### Provided data
※ ※ ※
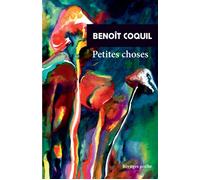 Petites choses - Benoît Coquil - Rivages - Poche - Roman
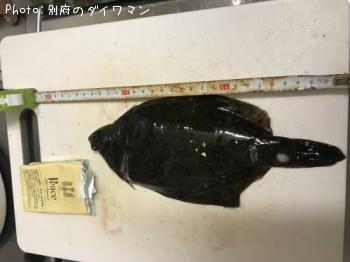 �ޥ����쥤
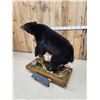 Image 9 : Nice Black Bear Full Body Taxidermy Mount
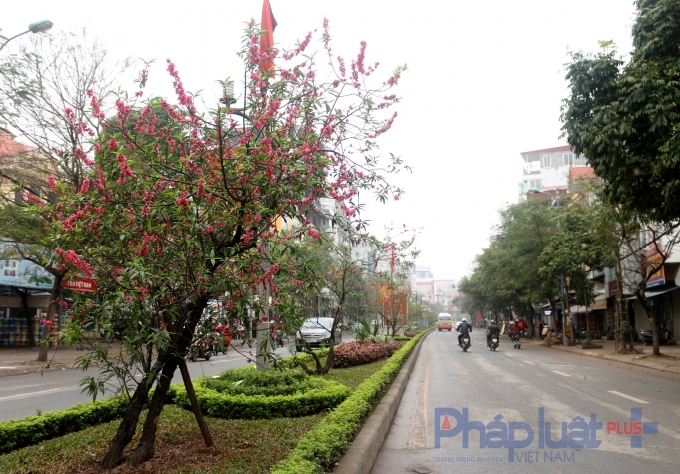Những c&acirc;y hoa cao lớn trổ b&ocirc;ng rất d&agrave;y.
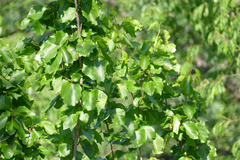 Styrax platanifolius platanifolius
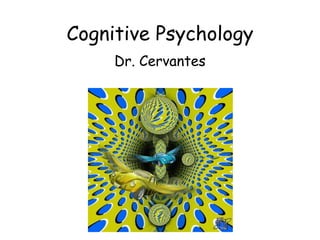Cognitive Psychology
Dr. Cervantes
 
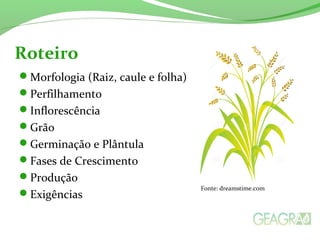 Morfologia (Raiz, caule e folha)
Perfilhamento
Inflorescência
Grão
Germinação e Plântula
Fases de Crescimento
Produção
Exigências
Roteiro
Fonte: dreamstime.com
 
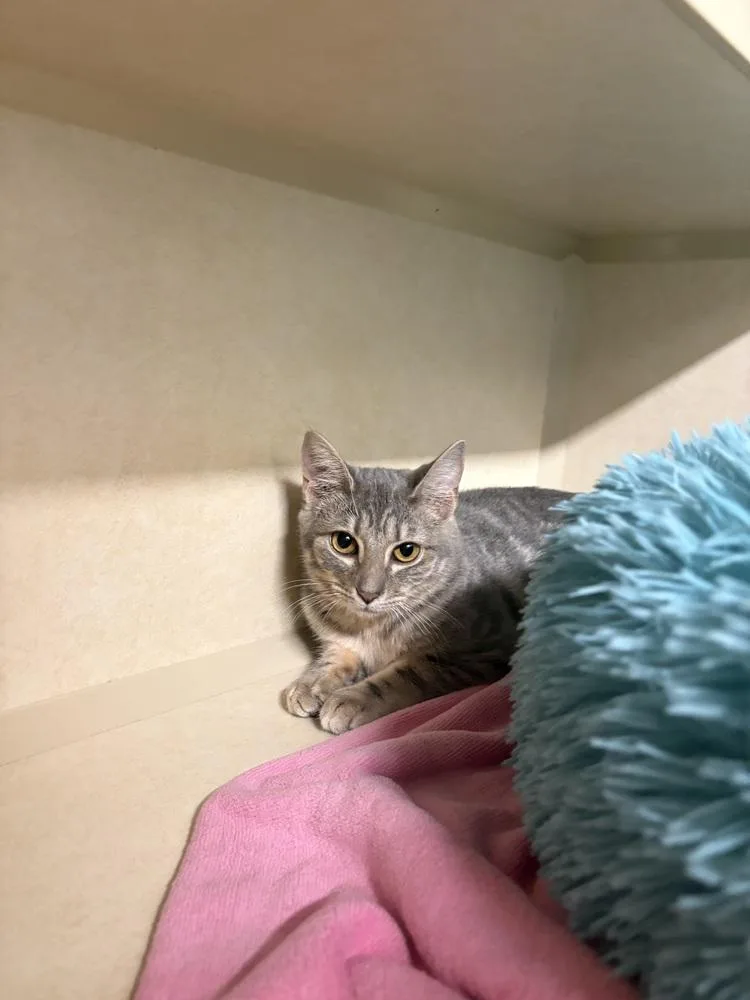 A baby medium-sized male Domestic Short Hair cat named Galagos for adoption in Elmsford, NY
※ ※ ※
### Exercise brief
Leaving the pictures aside, output each entry above exactly as written.

### Solution below
 Petites choses - Benoît Coquil - Rivages - Poche - Roman
 �ޥ����쥤
 Image 9 : Nice Black Bear Full Body Taxidermy Mount
Những c&acirc;y hoa cao lớn trổ b&ocirc;ng rất d&agrave;y.
 Styrax platanifolius platanifolius
Cognitive Psychology
Dr. Cervantes
 
 Morfologia (Raiz, caule e folha)
Perfilhamento
Inflorescência
Grão
Germinação e Plântula
Fases de Crescimento
Produção
Exigências
Roteiro
Fonte: dreamstime.com
 
 A baby medium-sized male Domestic Short Hair cat named Galagos for adoption in Elmsford, NY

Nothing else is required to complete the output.